◆ Instructions for the task ◆
Of the records that follow, copy only the lines from the line containing "Ammonite Kopfhörerständer - Walnussholz" to the line containing "Patagonia Dark Gray Floral Button Down Shirt", both included, exactly as written.
* * *
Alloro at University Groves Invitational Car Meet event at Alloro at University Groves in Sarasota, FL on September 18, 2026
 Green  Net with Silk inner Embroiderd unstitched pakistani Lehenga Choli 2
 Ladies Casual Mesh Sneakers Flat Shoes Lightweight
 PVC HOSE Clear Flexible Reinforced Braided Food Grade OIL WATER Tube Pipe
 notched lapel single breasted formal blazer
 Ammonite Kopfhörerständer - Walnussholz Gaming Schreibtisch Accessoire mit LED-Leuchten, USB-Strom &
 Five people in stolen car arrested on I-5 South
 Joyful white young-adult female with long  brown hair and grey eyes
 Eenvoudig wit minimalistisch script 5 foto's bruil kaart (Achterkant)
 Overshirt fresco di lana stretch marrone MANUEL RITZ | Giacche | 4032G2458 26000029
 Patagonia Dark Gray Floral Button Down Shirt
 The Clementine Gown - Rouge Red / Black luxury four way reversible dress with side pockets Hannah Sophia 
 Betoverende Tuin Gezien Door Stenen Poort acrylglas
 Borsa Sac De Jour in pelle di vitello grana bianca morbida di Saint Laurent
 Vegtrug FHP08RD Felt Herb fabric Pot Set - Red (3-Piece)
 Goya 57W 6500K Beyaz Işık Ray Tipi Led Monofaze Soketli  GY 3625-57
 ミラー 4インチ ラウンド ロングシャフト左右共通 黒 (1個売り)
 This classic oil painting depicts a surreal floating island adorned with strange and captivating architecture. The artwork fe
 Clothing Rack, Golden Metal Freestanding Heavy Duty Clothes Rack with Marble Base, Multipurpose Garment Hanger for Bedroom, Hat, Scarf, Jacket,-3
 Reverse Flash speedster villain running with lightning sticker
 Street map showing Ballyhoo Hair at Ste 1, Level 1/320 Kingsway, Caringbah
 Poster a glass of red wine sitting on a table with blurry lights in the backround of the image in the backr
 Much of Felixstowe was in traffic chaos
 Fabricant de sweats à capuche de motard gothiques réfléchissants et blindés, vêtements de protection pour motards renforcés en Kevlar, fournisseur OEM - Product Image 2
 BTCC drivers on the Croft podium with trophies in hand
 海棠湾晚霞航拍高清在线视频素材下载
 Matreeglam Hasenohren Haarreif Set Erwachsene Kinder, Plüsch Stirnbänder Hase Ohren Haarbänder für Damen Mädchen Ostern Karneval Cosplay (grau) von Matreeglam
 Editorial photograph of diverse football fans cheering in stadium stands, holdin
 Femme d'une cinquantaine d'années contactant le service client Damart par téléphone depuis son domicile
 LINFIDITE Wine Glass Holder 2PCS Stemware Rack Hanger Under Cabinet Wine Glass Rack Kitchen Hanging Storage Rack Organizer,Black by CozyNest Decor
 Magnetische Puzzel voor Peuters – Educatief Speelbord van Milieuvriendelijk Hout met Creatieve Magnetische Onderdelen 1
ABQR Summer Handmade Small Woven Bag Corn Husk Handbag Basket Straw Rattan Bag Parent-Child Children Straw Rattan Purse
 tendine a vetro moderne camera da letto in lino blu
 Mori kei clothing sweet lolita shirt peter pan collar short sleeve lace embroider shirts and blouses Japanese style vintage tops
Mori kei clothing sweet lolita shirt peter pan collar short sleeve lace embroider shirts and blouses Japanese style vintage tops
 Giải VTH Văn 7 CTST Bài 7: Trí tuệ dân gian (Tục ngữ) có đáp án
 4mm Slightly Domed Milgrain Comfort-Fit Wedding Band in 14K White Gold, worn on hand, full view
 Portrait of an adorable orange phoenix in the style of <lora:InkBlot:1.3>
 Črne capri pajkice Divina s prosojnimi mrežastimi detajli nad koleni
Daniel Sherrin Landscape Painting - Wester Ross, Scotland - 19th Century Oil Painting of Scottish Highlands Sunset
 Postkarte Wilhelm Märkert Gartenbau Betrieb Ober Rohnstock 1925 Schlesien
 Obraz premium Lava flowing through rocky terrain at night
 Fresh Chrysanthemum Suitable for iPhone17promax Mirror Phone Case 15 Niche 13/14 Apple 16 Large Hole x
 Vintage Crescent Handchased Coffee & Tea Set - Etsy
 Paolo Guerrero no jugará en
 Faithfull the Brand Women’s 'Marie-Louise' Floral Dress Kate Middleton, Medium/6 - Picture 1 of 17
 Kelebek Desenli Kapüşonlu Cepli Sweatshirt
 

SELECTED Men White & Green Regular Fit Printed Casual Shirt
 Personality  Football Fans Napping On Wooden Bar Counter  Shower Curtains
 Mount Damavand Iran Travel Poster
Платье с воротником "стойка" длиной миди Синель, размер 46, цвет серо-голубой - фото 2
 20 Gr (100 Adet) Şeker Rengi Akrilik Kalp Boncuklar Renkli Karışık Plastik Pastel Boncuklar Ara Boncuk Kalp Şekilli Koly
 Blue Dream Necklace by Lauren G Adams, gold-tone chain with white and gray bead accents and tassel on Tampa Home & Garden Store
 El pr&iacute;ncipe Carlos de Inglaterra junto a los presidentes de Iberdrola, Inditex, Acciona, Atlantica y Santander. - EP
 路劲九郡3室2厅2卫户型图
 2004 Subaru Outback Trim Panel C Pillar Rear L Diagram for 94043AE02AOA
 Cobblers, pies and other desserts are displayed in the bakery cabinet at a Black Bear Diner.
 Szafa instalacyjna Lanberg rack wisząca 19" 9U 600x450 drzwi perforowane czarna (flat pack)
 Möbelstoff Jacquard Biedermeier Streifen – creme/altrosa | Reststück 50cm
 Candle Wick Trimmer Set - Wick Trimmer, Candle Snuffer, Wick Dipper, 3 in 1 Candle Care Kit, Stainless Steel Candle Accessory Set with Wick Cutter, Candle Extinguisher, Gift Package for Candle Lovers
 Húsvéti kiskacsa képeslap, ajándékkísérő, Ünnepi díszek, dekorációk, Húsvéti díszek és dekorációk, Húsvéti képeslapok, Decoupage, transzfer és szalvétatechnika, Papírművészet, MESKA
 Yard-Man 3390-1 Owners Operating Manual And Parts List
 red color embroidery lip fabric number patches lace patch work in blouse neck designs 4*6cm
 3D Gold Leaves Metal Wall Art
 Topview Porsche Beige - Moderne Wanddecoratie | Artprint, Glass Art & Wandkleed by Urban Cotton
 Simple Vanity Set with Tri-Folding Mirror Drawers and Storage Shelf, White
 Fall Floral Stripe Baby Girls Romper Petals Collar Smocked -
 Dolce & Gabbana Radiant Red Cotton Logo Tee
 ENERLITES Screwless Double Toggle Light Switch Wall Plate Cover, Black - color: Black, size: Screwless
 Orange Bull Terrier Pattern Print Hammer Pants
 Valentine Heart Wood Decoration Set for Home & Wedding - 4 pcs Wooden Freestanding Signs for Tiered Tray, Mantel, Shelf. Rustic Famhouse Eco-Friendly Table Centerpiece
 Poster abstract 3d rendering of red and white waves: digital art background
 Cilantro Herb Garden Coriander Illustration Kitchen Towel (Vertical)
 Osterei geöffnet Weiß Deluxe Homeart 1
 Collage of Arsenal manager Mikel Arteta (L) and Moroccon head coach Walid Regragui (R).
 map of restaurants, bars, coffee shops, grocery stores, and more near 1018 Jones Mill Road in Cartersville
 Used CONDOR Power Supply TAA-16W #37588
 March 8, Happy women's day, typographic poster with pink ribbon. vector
* * *
◆ Exercise answer ◆
 Ammonite Kopfhörerständer - Walnussholz Gaming Schreibtisch Accessoire mit LED-Leuchten, USB-Strom &
 Five people in stolen car arrested on I-5 South
 Joyful white young-adult female with long  brown hair and grey eyes
 Eenvoudig wit minimalistisch script 5 foto's bruil kaart (Achterkant)
 Overshirt fresco di lana stretch marrone MANUEL RITZ | Giacche | 4032G2458 26000029
 Patagonia Dark Gray Floral Button Down Shirt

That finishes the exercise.